For a Helmond boy whose mother’s kitchen simmered with hutspot and rookworst, Wilson’s words made me yearn for a grandmother I never had in Appalachia. But the feeling was all the same. I still remember that hunger—the homesickness for a home I never knew.

What struck me then, and still strikes me now when I dust off that record, is how “Blue Ridge Mountains Turning Green” is a song about the deep ache and comfort of memory—the way the past becomes a shelter and a wound. It isn’t a song built for line-dances or stadium barrooms. It is intimate, like a faded letter. The simplicity in the lyrics forms the song’s strength, conjuring both distance and belonging:

*Oh if I could change my way of living /
Or start my life all over again /
I’d answer when mama called me /
I’d be her baby till the end…*

Most country songs of the era were, by 1975, leaning full tilt into the bombastic, the slick, the rhinestone. Even Willie and Waylon sometimes dressed their sorrow in guitar bravado. But Larry Jon’s voice is full of cracks and riverbanks—he sounds like a man who’s lived every word. There are no soaring crescendos in the music. There’s only a gentle acoustic guitar, a brush of drums, and that bottomless drawl, painting a world you half-remember from your own past, no matter where you come from.
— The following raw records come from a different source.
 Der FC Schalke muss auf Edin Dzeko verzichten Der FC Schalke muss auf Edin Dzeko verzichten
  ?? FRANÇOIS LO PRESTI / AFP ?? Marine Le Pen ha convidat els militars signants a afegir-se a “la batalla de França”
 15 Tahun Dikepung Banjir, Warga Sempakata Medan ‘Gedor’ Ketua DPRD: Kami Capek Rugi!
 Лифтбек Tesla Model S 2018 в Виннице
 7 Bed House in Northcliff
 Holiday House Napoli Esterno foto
Sometimes, in Helmond, I’d ride my bicycle to the edge of the fields at dusk, the canals shining with last bits of daylight, and put Wilson’s song on my walkman. I’d close my eyes and imagine the Dutch willows turning into Georgia pines, the canals into muddy creeks. The words “Blue Ridge Mountains turning green / All my family gathered round me”—they filled the distance between here and there, between longing and peace.
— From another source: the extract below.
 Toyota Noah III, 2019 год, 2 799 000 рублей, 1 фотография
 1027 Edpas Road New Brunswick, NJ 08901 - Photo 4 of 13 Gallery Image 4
Why didn’t the world take notice? The truth is, I think, that “Blue Ridge Mountains Turning Green” asks for things modern life is poor at giving. It demands silence. It calls for patience. It rewards the listener who leans in, who lets the spaces between the words matter just as much as the words themselves.

As I grew—a young man learning to sing country verses with a Dutch accent others found peculiar—I found my voice in the quiet spaces of songs like Wilson’s. I learned that the heart of country music is not in the chorus that asks to be shouted, but in the line whispered from the kitchen after the lights go down. My father never understood my love for this music. “We have our own singers here, Kroes,” he’d say, shaking his head. But when I played him “Blue Ridge Mountains Turning Green,” even he grew quiet. I saw a tear he tried to hide. Sometimes, you don’t need to understand the words to feel the home inside them.
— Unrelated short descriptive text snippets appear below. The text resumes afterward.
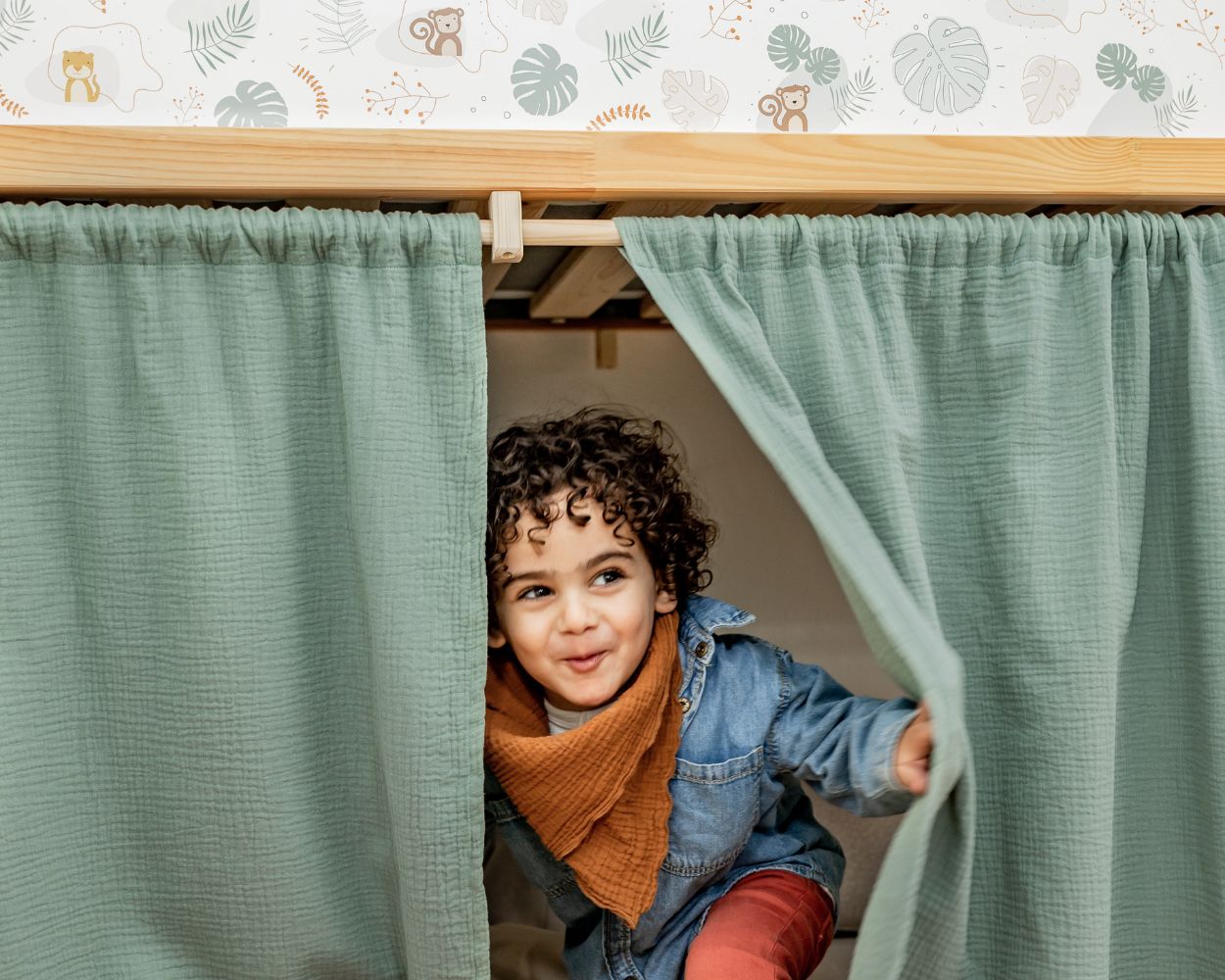 Kind IKEA KURA Hochbett mit Tiermotiven Kind IKEA KURA Hochbett mit Tiermotiven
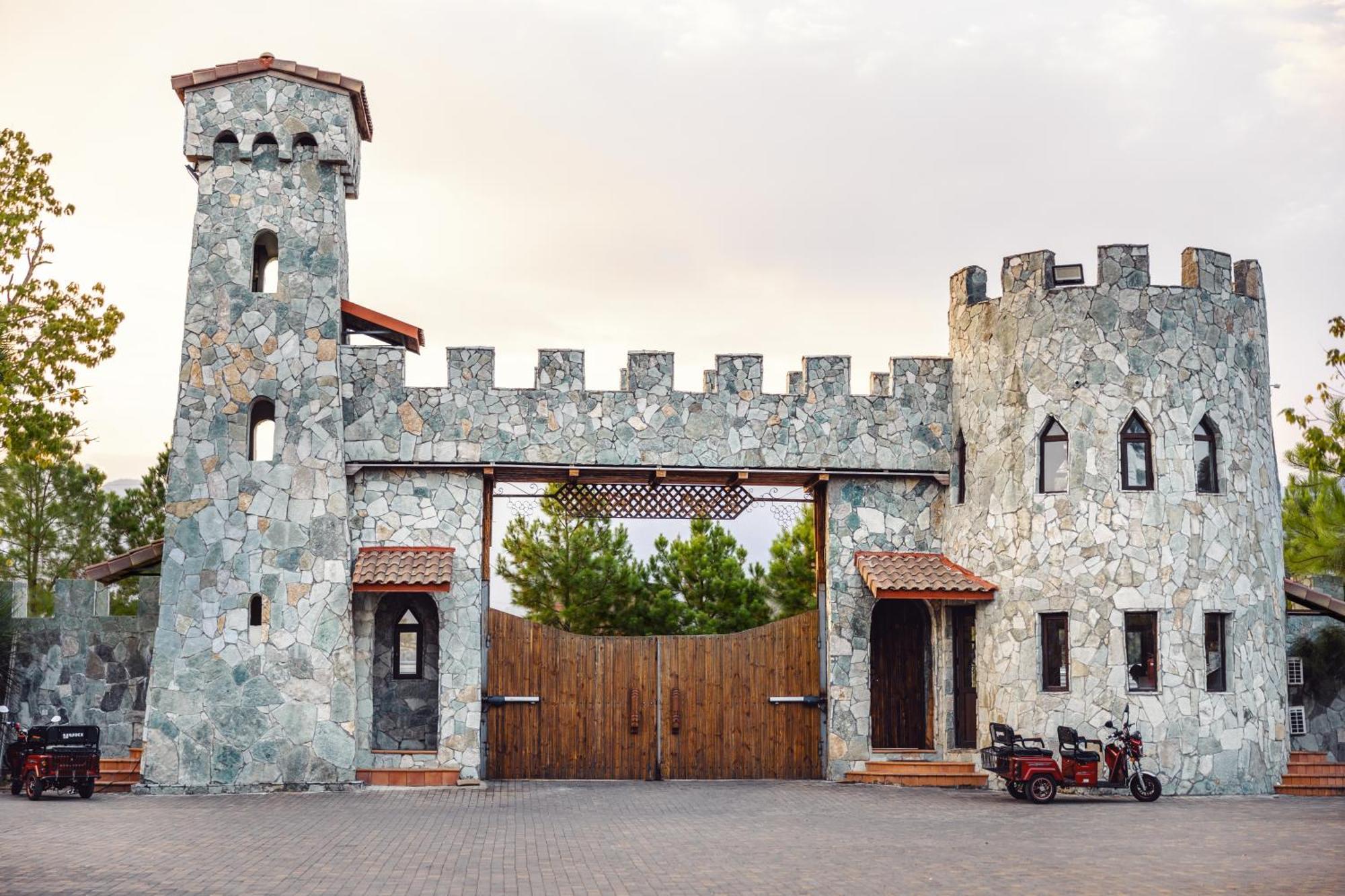 Hotel Chateau Kvirike Boboqvati 外观 照片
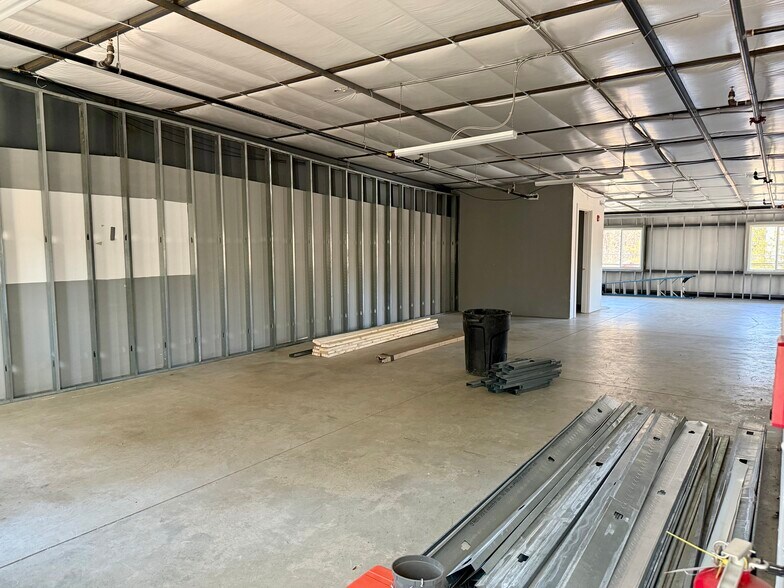 More Photos Of 274 South St, Walpole Service For Lease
There are so many reasons I wish more people knew this song. It’s a compass for the lost, a prayer for the broken, a lullaby for the motherless. And yet, maybe its secret is its rarity. If you know it, you’re in a small club—a brotherhood of dreamers speaking the language of half-remembered places. Even now, when I dip into the local pub and a new friend asks about my influences, I mention Larry Jon Wilson and they look blank. Gentle reader, that is your invitation! Listen—and let “Blue Ridge Mountains Turning Green” work its subtle alchemy.

For me, the song is an old photograph. The faces blur a little more each year, but the feeling—the hope, the homesick peace—remains vivid and alive, as green as the Georgia mountains Larry Jon sang about from so far away. From my little Dutch corner, I keep the song alive, and through it, the knowledge that there is always a home for us in the music, even if the world never put it on the charts.

Tonight, as the summer comes and Helmond’s fields bloom with cow parsley, I put “Blue Ridge Mountains Turning Green” on once more. The old ache comes gently, like evening fog, settling in my chest. I sit by my window, listen, and remember.